Join the Madness

Friday, January 28, 2011

Write Like a Sales Man

I talk to a lot of salesmen every day.  Every fund company, every insurance company, and even referral service companies have representatives calling the office looking to woo business out of us. 

Not all salesmen are created equal, though.

I had one recently that was brand-spanking new.  Nice guy, but he hemmed and hawed and just didn't have a handle on the facts yet. 

I  also had a pro call in.  And he was smoooooth I tell you.  I pride myself on being able to weed out the sales guys, from the people we want to talk to.  It's like filtering through the slush, just on a smaller scale.  A lot of the things that will get you noticed in the slush pile will also get you noticed as a salesman...and it's not always in a good way.

Here's Vicki Rocho's Guide to Writing Like a Salesman

The number one thing that tips me off that I've got a telemarketer on the line is all the noise in the background.  You can hear a hundred other people yapping away in the background.  

This is an awful lot like the unfocused MS, don't you think?  Too many unnecessary characters doing boring/useless things, endless descriptions, or pointless dialogue going on in your story.

Another thing that tips me off is (duh) the info dump.  Rookie salesmen will tell me their name, where they're calling from, and why they're calling.  I appreciate their honesty and cooperation because it makes it so much easier to hang up on them.  

Readers will do the same thing with your story.  Give them too much information up front and they have no reason to read on. Less is more!

Real salesmen only give enough information to keep you on the phone. The pro I had?  His voice was strong, confident.  He told me his name (first only) and asked for my boss by his first name, as if they were buddies.  

If this were your MS -- you'd be starting strong, and leaving questions unanswered.

I asked if I could take a message.  He said he'd try back later.  Real Salesmen never leave a message.  They want to maintain control.  

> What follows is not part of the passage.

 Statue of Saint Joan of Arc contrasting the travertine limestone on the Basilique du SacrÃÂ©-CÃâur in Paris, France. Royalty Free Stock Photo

Your readers are going to have questions, but you want to leave some of them unanswered or you run the risk of losing them.

My new sales guy this week? The umms and aahhs ratted him out.  He's full of enthusiasm, but needs more training and experience to get the job done.

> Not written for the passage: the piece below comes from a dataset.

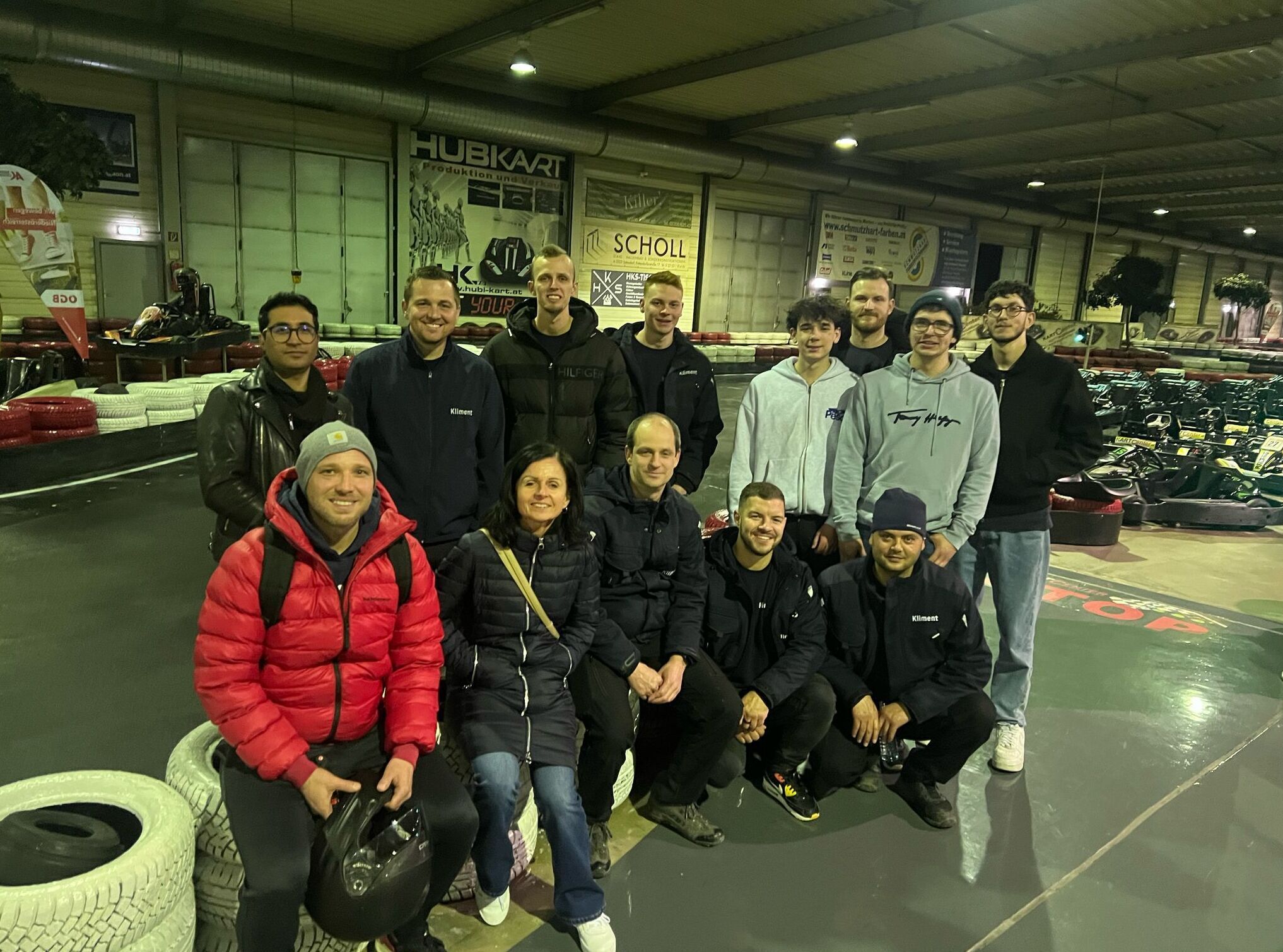 Gruppe von 13 Personen in einer Kartbahn, posierend für ein Foto mit Karts im Hintergrund.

This is the equivalent of a newbie writer (or the first draft).  Full of big ideas and enthusiasm, but the writer hasn't learned the ropes yet (or alternatively, the MS hasn't been edited).  Lots of potential, just needs more work.

And there you have it...if you want to be picked out of the slush pile, you have to write like a salesman!


Jolene Perry said...

Well done Vicki.
My uncle has been a salesman his whole life and you'd never know it. All you know is he makes you laugh and makes you want whatever he's got going on because it's sure to be the greatest thing EVER.

Jules said...

I'm so glad you explained this because I'm on a "Do not call list." :) I'll be honing my salesman skills.
Jules @ Trying To Get Over The Rainbow

Karen Walker said...

This analogy works for me, Vicki. All these points are so valid.

Paul C said...

You deconstruct well what goes into great salesmanship.

Carolyn V. said...

Ooooo, like the smooth talking salesman!

Love the analogy! You made me laugh in a few places. So great! Have a great weekend Vicki!

Alex J. Cavanaugh said...

Great analogy! I'm a bare bones writer, so don't think I'm guilty of the first one. And like your line about how it makes it easier to hang up on them!

Angela Felsted said...

So how do you know when you're giving too much information up front?

The Good Wifehold said...

Interesting analogy!
It's all a balance though... and there's never one formula.
In my experience I can't stand a salesman - the work speaks for itself.